### Data to use
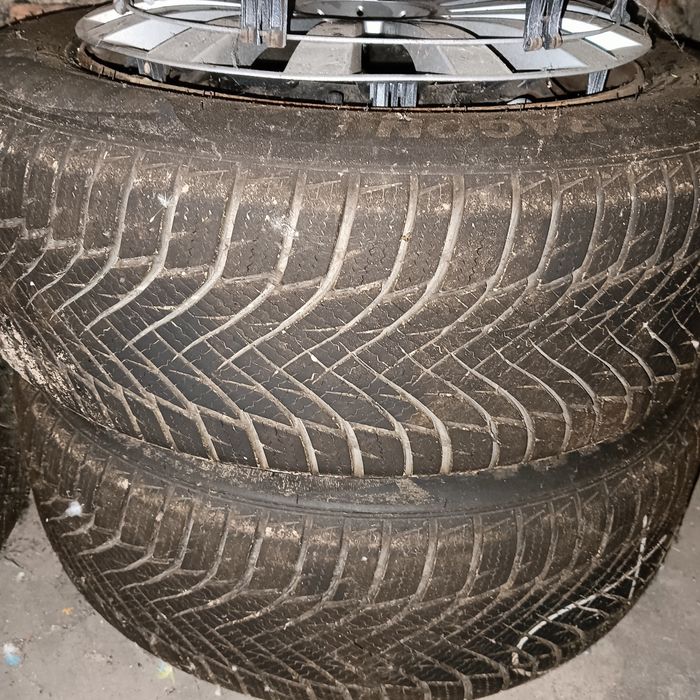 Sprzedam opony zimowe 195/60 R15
--
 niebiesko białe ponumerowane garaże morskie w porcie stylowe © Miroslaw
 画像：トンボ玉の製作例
...
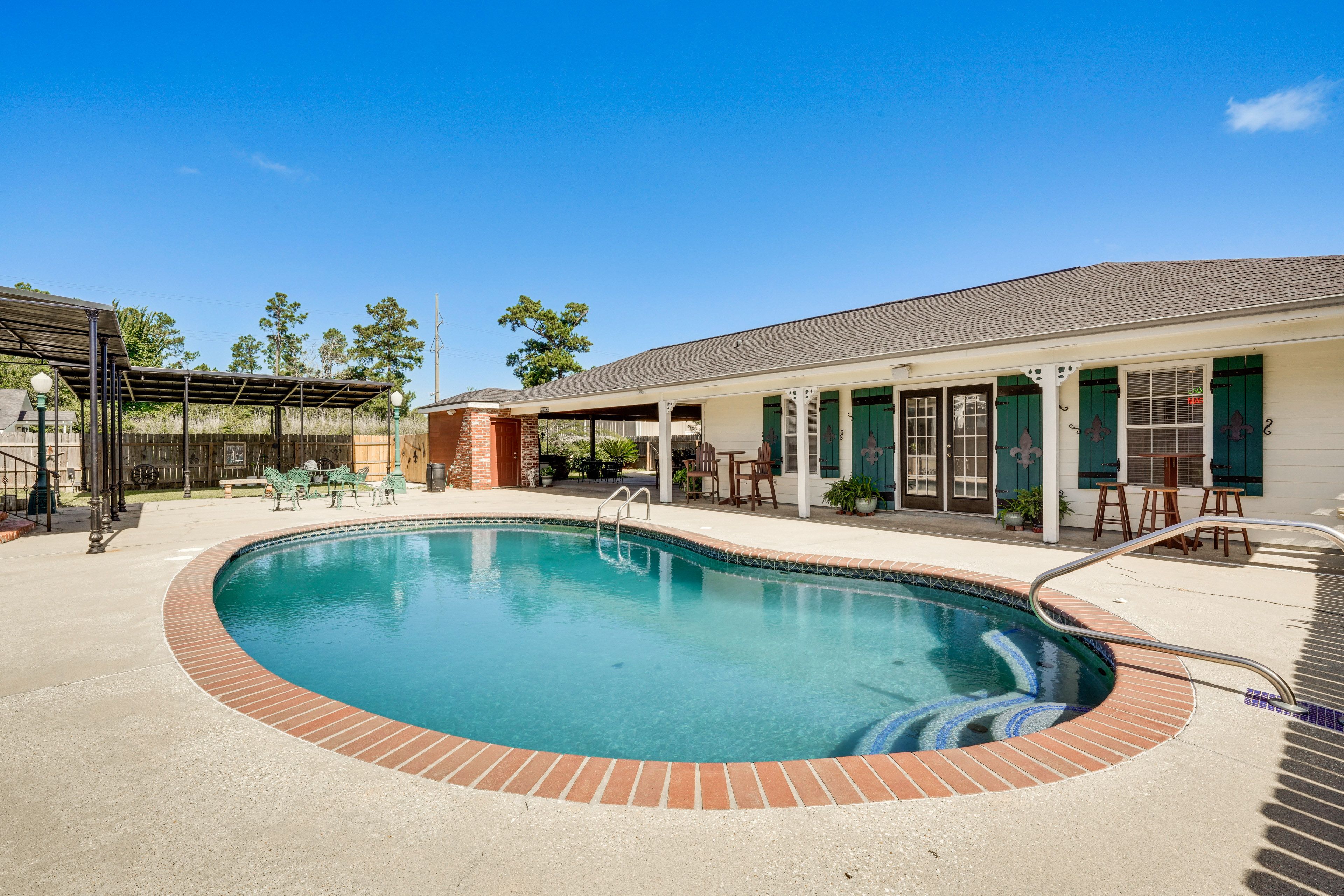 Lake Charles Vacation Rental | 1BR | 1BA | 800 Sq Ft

### Task prompt
Working from the data above, extract solely the lines from the one containing "niebiesko białe ponumerowane" through the one containing "画像：トンボ玉の製作例", exactly as they appear, both included.

### Answer space
 niebiesko białe ponumerowane garaże morskie w porcie stylowe © Miroslaw
 画像：トンボ玉の製作例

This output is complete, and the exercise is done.